Una ley inconstitucional que nadie quiere derogar
Recientemente, la Secretaría de Comercio clausuró supermercados por aplicación de la ley 20.680, conocida como ley de abastecimiento. Al mismo tiempo, se extendió la aplicación de esta ley para la comercialización del trigo. Es, pues, un buen momento para efectuar una crítica a la existencia de la ley mencionada. Nuestro país la arrastra, como Sísifo a su piedra, desde 1974.
La ley de abastecimiento permite, entre otras cosas, que un funcionario fije precios mínimos o precios máximos, establezca cuotas de producción, obligue a producir a pérdida o, incluso, intervenga en empresas y disponga de bienes de terceros. Para el que no cumpla con las directivas de ese funcionario, la ley prevé multas, clausuras, inhabilitaciones, pérdidas de marcas o patentes, arresto y prisión.
No se necesitan mayores argumentos para sostener la manifiesta inconstitucionalidad de gran parte de esa norma. Ella desconoce el derecho de propiedad y todas las libertades económicas, viola el derecho de defensa, constituye una ley penal en blanco y es una delegación de facultades legislativas aún más amplia e inadmisible que el caso de las retenciones al agro. No hay mucho que discutir: la ley es inconstitucional, y cualquier esfuerzo por explicar lo contrario sólo serviría para poner en evidencia un notorio desinterés por ver en la Constitución una norma jurídica que limite la discrecionalidad de los poderes constituidos.

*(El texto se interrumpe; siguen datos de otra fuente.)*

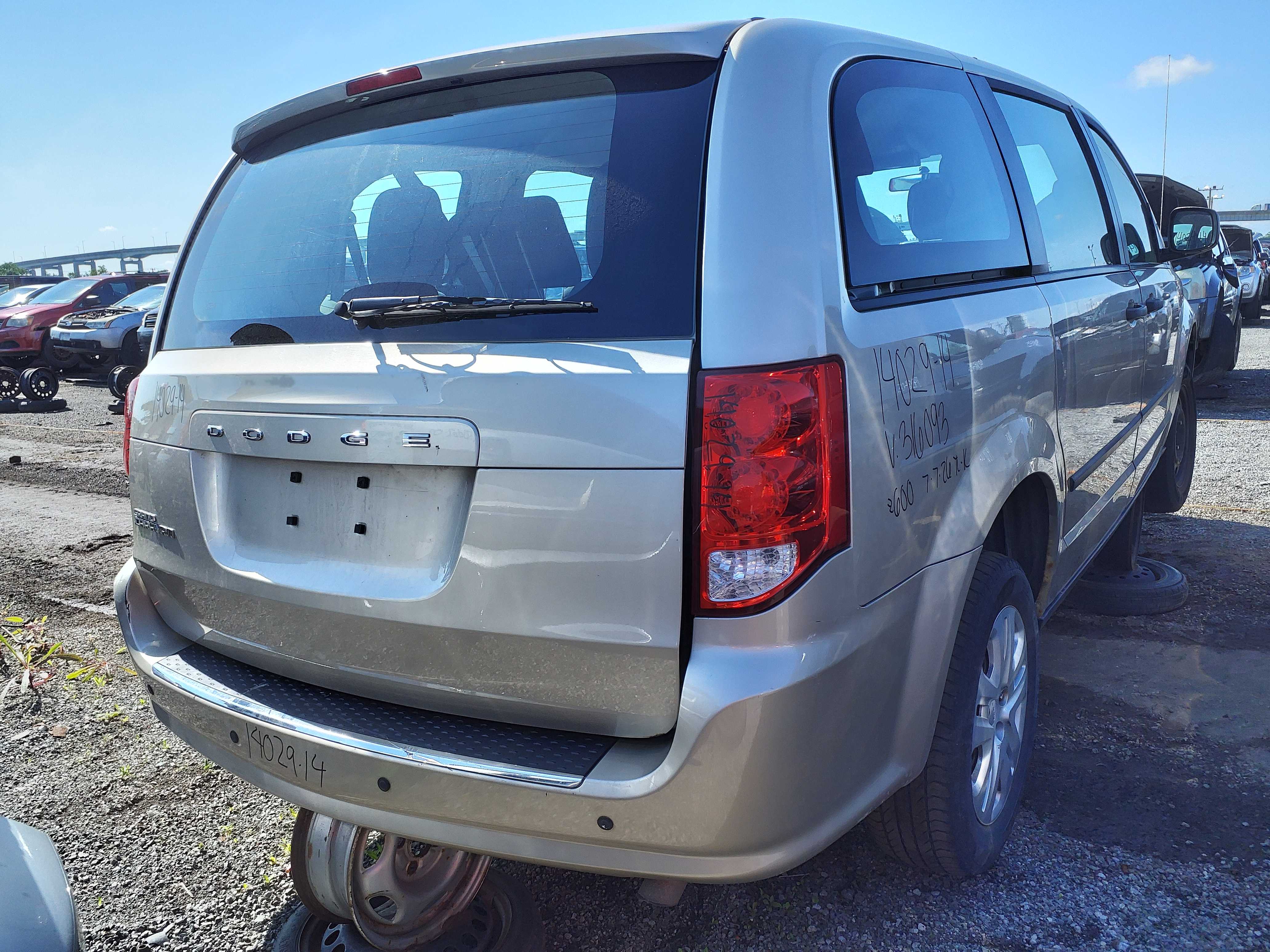 DODGE GRAND CARAVAN 2014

Sin embargo, la ley está ahí, amenazante, jurídicamente suspendida desde 1991, pero activa en la práctica, erigiéndose como un verdadero monumento al proceso de desconstitucionalización que padece el país. Ocurre que el "poder de fuego" que la ley de abastecimiento otorga a quien está circunstancialmente en el poder convierte a su cuestionamiento judicial por los particulares en un acto heroico, que los expone a represalias aun mayores.
En momentos en que se habla de reforma constitucional, en épocas en las cuales la Constitución Nacional parece amenazada por quienes pugnan por dejar de lado todo límite al gobernante, ya sea bajo la excusa de un impreciso derecho universal que se acomoda a las circunstancias o enarbolando la bandera de la preeminencia absoluta de la decisión mayoritaria, quizá debamos retomar la defensa del ordenamiento jurídico. El desafío es respetarlo, y no modificarlo para que nada cambie en los hechos.
En la reforma de 1994 se pretendió reforzar el federalismo y limitar el presidencialismo. Si bien las reformas introducidas no están exentas de crítica, su fracaso, en este aspecto categórico y evidente, no debemos buscarlo en sus disposiciones, sino en la falta de compromiso por parte de las autoridades y de la sociedad civil.
La aplicación de la ley de abastecimiento no es sólo responsabilidad del actual gobierno. Esta ley, a pesar de su absoluta incompatibilidad con un sistema de verdad republicano, ha sobrevivido a los más diversos gobiernos y ha sido aplicada por militares y civiles. Que en su momento sólo se la haya suspendido y no derogado pone de manifiesto la dificultad de lograr que los gobernantes renuncien a una herramienta que les confiere poderes ilimitados sobre la vida económica de la sociedad.
El ordenamiento jurídico de un país y el grado de cumplimiento de éste no son el resultado de fuerzas extrañas; el ser humano es su artífice y sobre él pesa la responsabilidad final. De nosotros depende vivir al amparo de un Estado de Derecho o en un país dirigido por azarosas e imprevisibles decisiones administrativas.
La elección parece sencilla; la práctica lo pone en duda.